I listened to a sermon by another local pastor once. It was on baptism. I like this pastor; good man, faithful to his people. In the message which he preached on baptism that day, he talked quite a bit about people whom he had baptized. You could tell that this was a man who loved pastoring people, who just plain loves people!

But I couldn’t believe the message I heard. At the beginning, what he told them was, “I’m not going to spend too much time on what baptism is.” Then he told some stories. And at the end, in his closing notes, he told them, “If you’re not baptized yet, and you don’t feel one hundred percent comfortable being baptized, probably none of us ever will!
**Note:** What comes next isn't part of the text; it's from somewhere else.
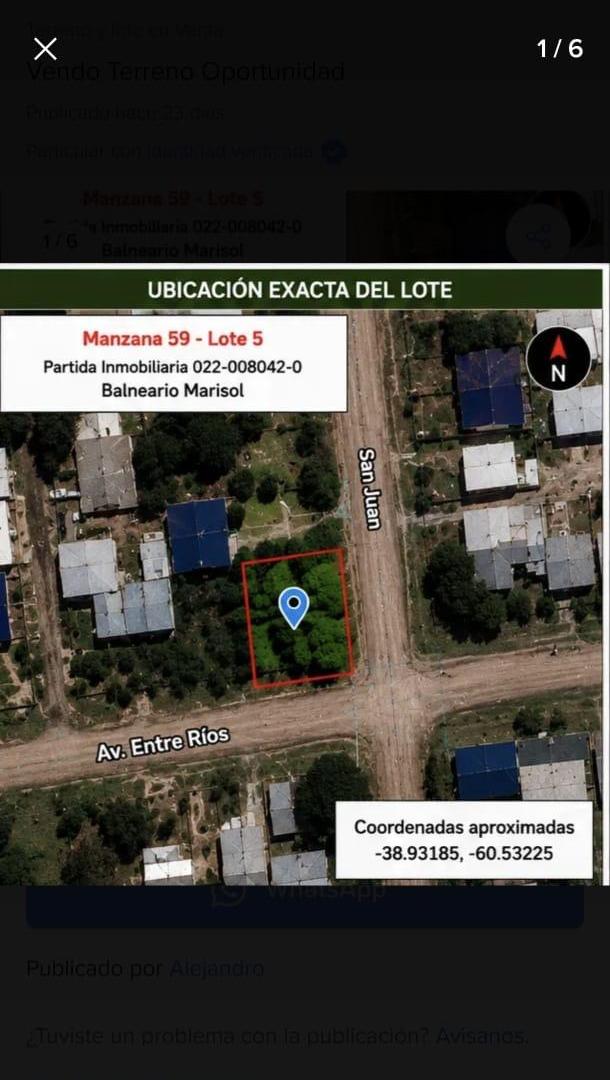 Foto de Vendo Terreno Oportunidad Balneario Marisol, imagen 1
Get baptized anyways.”


Yes, but more, NO! Yes, get baptized anyways. But no, don’t think that you should be uncomfortable about it. Today I want to make sure that you know what your baptism means; what God does in baptism. In Baptism, the Triune God Makes You a Child of God.


Baptism. It is, very simply, water applied to someone in God’s name. The triune God’s name, as Jesus instructs us at the end of Matthew’s Gospel. “Go and make disciples of all nations,” he told his disciples right before his ascension into heaven. Disciples, make new disciples! How will they go about that? He tells them to do it  by “baptizing new disciples in the name of the Father and of the Son and of the Holy Spirit and teaching them to obey everything I have commanded you.”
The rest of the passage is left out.